4 Reasons to Run Your Team Meetings Like a Mastermind Group

The term “Mastermind” was made popular in the business world by Napoleon Hill in his book Think and Grow Rich.

And today, business people are using it all around the globe as a way to expand their accountability team and support network, as well as their marketing reach.

But what about using this model in your team meetings as well?

I frequently hear from the teams that I work with how little seems to get accomplished in all these darn meetings.
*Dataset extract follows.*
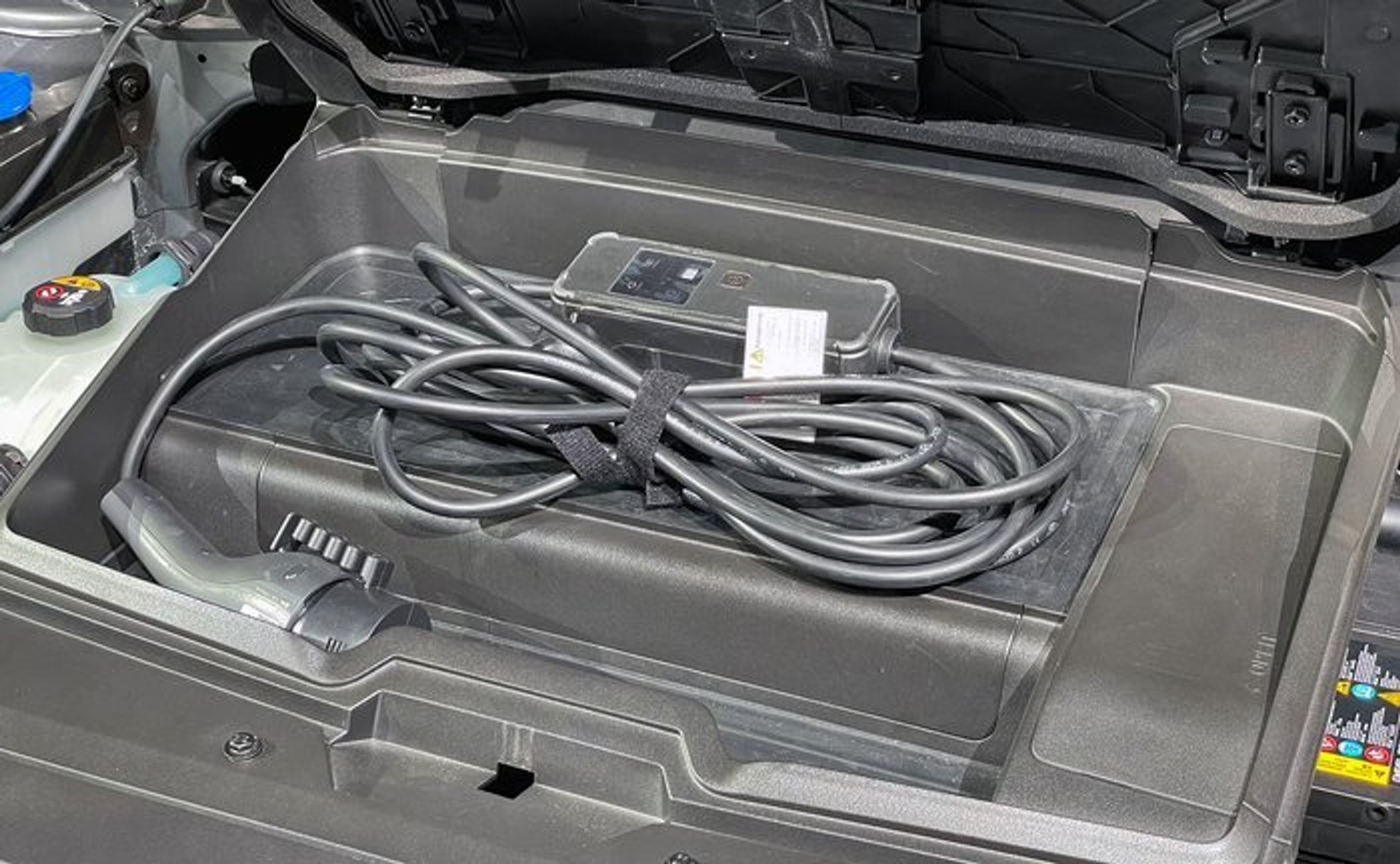 Forrest i bilen er der et ekstra bagagerum. Med firehjulstræk er det dog kun på ca. 20 liter - lige nok til et ladekabel og adapteren til strømudtag. Praktisk at det ikke ligger under bagagerummet, når det er fyldt med bagage.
Someone suggested recently that they were “just for the leader to hear himself talk out loud to an audience.”

What I offered this team member was to suggest running their meetings more like an entrepreneur would: Run it as a Mastermind Group.

Mastermind Groups help you to think of new possibilities–things you would not gather on your own–opening you up to new opportunities. They are most powerful when you have a clear picture of what you want or need and maybe just not the road map to achieving it. That is what your team members will help you figure out.
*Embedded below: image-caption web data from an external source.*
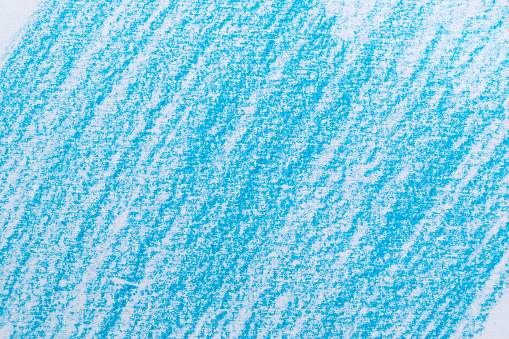 Close-up of a blue colored scribble with wax colored crayon on a white sheet of paper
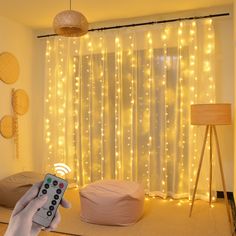 a living room with lights on the curtains and bean bag chair in front of it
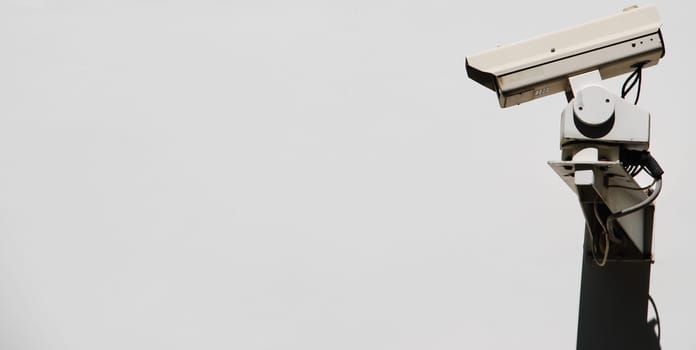 video surveillance camera on a wall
You may not be able to control how many meetings you must attend, but you can help everyone achieve more during them with a new twist on how you run it. Here are four reasons to apply a Mastermind concept to your next team meeting.

  1.  Focuses people on solution versus problem. Many times our team meetings are run out of the a. need to deliver information to all quickly or b. need to check in and manage priorities of the group. They are often a lot of information “spewing” that can lead to only focusing on the problem of the moment. Try the approach of putting the problem or challenge on the table to the group and giving each a set time to discuss how to tackle the problem. Remember: it’s not to come up WITH the solution there, it’s to give a lot of possible options and letting the person who ‘owns’ it take it back to their desk to determine what’s going to work.
  2.  Opens up dialogue with the whole group. When we come to meetings as a team, there is one talking head at the front of the room who delivers the information and everyone feverishly takes notes (or plays on their smart phones) and pretends to take it all in. Let’s be real, talking heads at the front of the room no longer work in today’s world of work. We want engagement. We demand attention. So give a challenge to the group and set the timer and ask all to participate–go around the table and give everyone the chance to chime in. Even your Introverts will step up and play at this when it’s their turn because you have created a little structure and opened the invitation to share.
  3. Eliminates negativity and promotes open-minded approach. How many times have you been in a meeting afraid to share with your team some tough information, or been frustrated that a solution hasn’t come forward on a project that needs to be off your desk in a few days? When you are frustrated, your people are frustrated too. And that very feeling can put people in a negative mindset, which shuts down their creativity. By trying a mastermind approach with the frustration and posing the question as you speak the truth: “here is the problem, and here is why I am frustrated, what do you see?”. You will more than likely open up people to giving feedback to you, just as board of directors might, that can help YOU open up your mind to new possibilities.
  4. Puts the power to produce back on the team. What do you do when you give an assignment to a team? You expect them to find the resources and solution and get on to delivering the completed task, right? Well what if they are stuck on where the resources are exactly or how they will tap into them? You may expect they will come to you, but is that what you really want? Wouldn’t it be grand if the team came up with the solution together instead of having to run to you for everything they need or to get unstuck?I have witnessed team members pulling back and shrinking into their desk, often putting the blame back on the leader of the team because “they didn’t give me all that I needed”. Giving them the tool of masterminding helps them to rely on one another for the solution, it keeps you managing the big picture as they are working in the details. Ultimately relinquishing control of the blame game and owning the possibility of what they have within them to do in order to finish the assignment.

Give Masterminding a try over the next 3 months of team meetings. This is one tool you will be glad you introduced to your team, you and your teammates will stay on point and solution focused. Ultimately energizing the weekly team gathering and optimizing their team performance.